Alison Krauss and Union Station: Paper Airplane
Alison Krauss and Union Station
Paper Airplane is another strong, if typical, offering from Alison Krauss and Union Station (AKUS). As always, most of the material comes from outside writers whose melodies and sensibilities mesh well with Krauss’ vocals and the popgrass sound that AKUS has created, a sound they have no real competition for. Nobody sounds like Alison Krauss (or like vocalist/guitarist/mandolinist Dan Tyminski either, for that matter), and the band’s dominant soloist, Dobro master Jerry Douglas, is without peer no matter whose record he’s playing on.
Some of the usual AKUS songwriting suspects are on board Paper Airplane. Robert Lee Castleman, whose work appears regularly on the band’s recordings, penned the title track. Sidney Cox of the Cox Family weighs in with “Bonita and Bill Butler,” and Krauss’ renowned bass player brother, Viktor, contributes a co-write with Angel Snow in the form of “Lie Awake.” Bluegrass legends Peter Rowan and Tim O’Brien are represented with “Dust Bowl Children” and “On the Outside Looking In,” respectively, both sung by Tyminski. Songs from Jeremy Lister and Richard Thompson are also on the track list, and the Jackson Browne classic, “My Opening Farewell,” closes the record. Some really good and appropriate material, well-chosen in typical AKUS fashion.

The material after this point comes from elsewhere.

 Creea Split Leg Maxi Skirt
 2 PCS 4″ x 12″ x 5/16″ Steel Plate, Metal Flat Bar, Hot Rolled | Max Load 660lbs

If there’s anything resembling a complaint, it’s that the record doesn’t feature much, or at least not enough, of Krauss’ excellent fiddle playing. But then, the majority of the band’s predominantly female followers buy AKUS’ records for Krauss’ voice, not to hear her and Douglas burn on their instruments. This band has been largely responsible for the introduction of bluegrass music to an uninitiated pop population in recent years, but a strictly bluegrass focus isn’t going to sell that many records.
In the end there are no real surprises here; this is just another solid recording from AKUS which the band’s fans will no doubt enjoy. And for those who like to support the underdog, some deserving songwriters that nobody else in Nashville will cut are going to make some mailbox money, courtesy of Krauss’ taste in material. Krauss and company know what their followers expect them to sound like, and they don’t disappoint.